We hung out with Granny for a bit and she met my husband for the first time. She chatted with him and sized him up a bit and said, "He seems like a good man," which made me smile. At that age, they don't have to sugar coat anything if they don't want to, so I took it as the gospel. :-)

After dinner with them, we headed to the Dallas Galleria. Ice skating on the bottom, wall to wall shopping on three levels. The woman at the Celine shop just gave us the scoop on other shopping areas. We'll hit those tomorrow.

deep in the heart of TX

Actually, we're in Irving, Texas, next to Dallas. We're in town to visit with my aunt, uncle and my grandmother, who is turning 100 (!) next week. Amazing. We found a hotel deal (see basic business park view from our hotel balcony) not far from their place, and my uncle from LA arrived last night too. It's a mini-reunion! :-) I can't wait to see my grandmother. It's been a couple years.

Saturday, April 15, 2006


The weather in Seattle has decided to revert to its pre-spring incarnation with dark grey skies, winds, and major downpours. So we're feeling a little bit of cabin fever and have opted to head up to Vancouver for the day. So far, the weather is still a crap-a-thon on the way up, but at least we'll soon be rained on in another country. :-) We plan to hit Robson Street, maybe Chinatown, and wrap up with our customary dinner at Gotham Steakhouse in downtown with their awesome onion bread. We're 18 miles from the border crossing at Blaine. Oh Canada, here we come!

Update - Sunday morning

We did hit Gotham, twice. Once for beverages while we waited for alterations next door at Holt Renfrew, and later for dinner. I had the slab of salmon with a butter sauce, which actually was just so-so. I prefer a little more seasoning.

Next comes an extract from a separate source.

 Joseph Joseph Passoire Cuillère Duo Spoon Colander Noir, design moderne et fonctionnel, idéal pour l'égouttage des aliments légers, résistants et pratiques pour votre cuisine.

Jason, who makes awesome salmon and has basically spoiled me for any other kind but his, opted for lobster tails. We shared the sauteed button mushrooms and sauteed sugar snap peas, which were both delicious! The peas were crisp, just-sauteed, sweet, and flavorful. The service and atmosphere were great as usual. The waitstaff is nice and professional, but not stuffy. I had a great seat on the comfy couch by the front windows, with Jason across from me on their overstuffed chair. I had cheesecake with berry sauce for dessert (sorry, no picture), which basically filled me to the bursting point before we hit the road for home.

I slept (as usual) until the border, where we just missed the Nexus line closing by 7 minutes: it closes at 9pm. So we had to do something we haven't done since getting Nexus cards a couple years ago: wait in line at the border! Horrors! :-) It took about 15 minutes, which wasn't too bad, but that's an eternity compared to our usual 2-4 question session and quick wave through. For some reason, traffic on the other side heading into Canada was packed. It looked like at least an hour wait. I joked that maybe the administration had done something else idiotic while we'd been gone and we were seeing the front edge of a mass exodus from the U.S.

I took over driving duties at a gas station on the other side where we had the choice of paying $3.15, $3.08 or $2.98 per gallon for premium. What the hell?! A war, thousands dead and injured, billions spent, no foreseeable end to it all, neglected domestic issues, a prescription drug benefit program that stinks, AND $3/gallon gas?! Who okayed this moron?! But I digress.

Filling up cost $50 exactly. I almost felt bad until I looked over at the guy at the next pump gassing up his motor home to the tune of $100.01. Sheesh! I also noticed he had Veteran plates. Wonder what he thinks of Bush and all this. Wanted to ask but that's a bit personal for the pumps.

We made it home about 11:25pm. All in all, it was a great day trip.